It is reasonable to assume that children are exposed to less favorable diets during quarantine [40]. Given movement restrictions, people have limited access to fresh and unprocessed foods [41]. Instead, many rely on nonperishable and highly processed food options that contribute to food security [42]. However, these highly processed foods tend to be high in saturated fat, sugar, and salt [41,43]. Several large investigations have associated the consumption of such foods with adverse health outcomes, including obesity and metabolic syndrome [44-47]. A recently published Italian study found that the intakes of potato chips, red meat, and sugary drinks increased significantly during the lockdown [48]. Another recently published international investigation reported similar findings [49]. In contrast, one study also noted a positive trend: the extent to which parents supervise their child’s eating increased as well [50].

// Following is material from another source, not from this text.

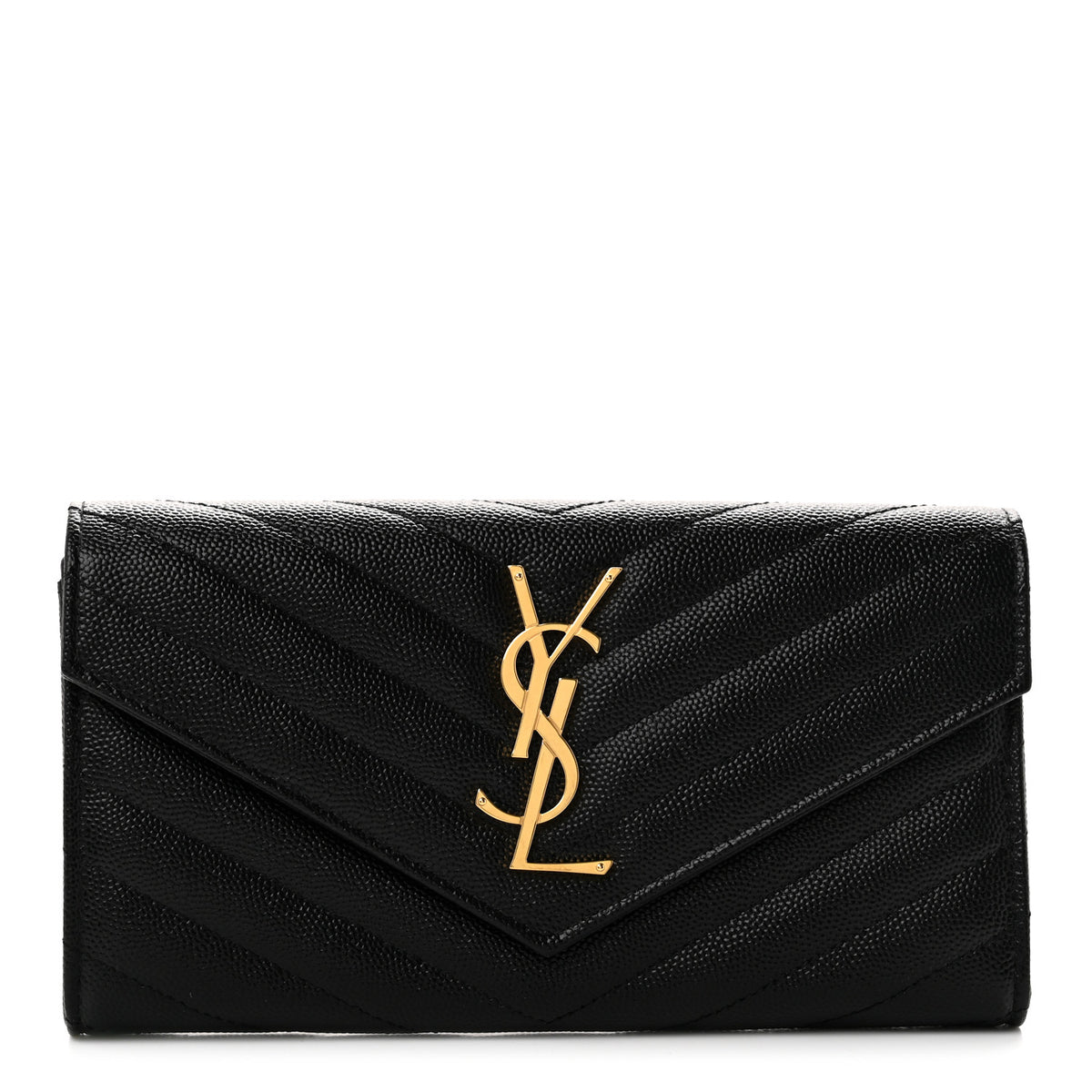 Grain De Poudre Matelasse Chevron Monogram Flap Wallet Black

Furthermore, quarantine may also have a negative psychological impact on children and their families [10,51-53]. A variety of unfamiliar stressors disrupt children’s usual lifestyle, including a lack of in-person contact with classmates, friends, and teachers, feelings such as frustration and boredom, and a possible lack of personal space at home [10,13,32]. In this context, a 2013 study demonstrated that pandemic disasters and subsequent disease containment responses create traumatic conditions [54]. Such an unfamiliar and likely prolonged stressful situation could further promote unhealthy food intake through stress-related eating, thereby leading to obesity and other health problems [55,56]. Although studies of children are scarce in this particular field, one study showed that stress-related eating is highly prevalent among 16-year-old girls [57] and could be exacerbated by the current pandemic.

Many families are expected to experience financial losses or even existential threats as a consequence of the pandemic [10,58]. This might affect children in many ways; however, 2 specific aspects warrant further investigation. First, families experiencing reduced income and financial losses will encounter difficulty affording fresh and unprocessed whole foods. According to Headey and Alderman [59], low incomes constrain what and how much food poor households can buy. Parents on a tight budget might not be able to afford fresh and healthy plant-based food options; instead, their often dramatically reduced budgets will force them to feed their children calorie-dense processed foods that are often cheaper [59,60]. This, in turn, might increase the risk of obesity and other metabolic disorders as previously explained [45,47]. Second, families will have to cope emotionally with potential economic or job losses. The COVID-19 pandemic has already led to major increases in unemployment and job insecurity rates [61,62]. Family members spend more time in close contact and, according to the World Health Organization, the current crisis will likely lead to an increase in domestic violence [63,64]. Reports from several countries, including China, Germany, Italy, and Brazil, have indicated an increase in domestic violence since the COVID-19 outbreak began [63,65]. Women in abusive relationships and their children are at particularly high risk [66]. Regarding childhood obesity, the predicted increase in child abuse is the most worrisome.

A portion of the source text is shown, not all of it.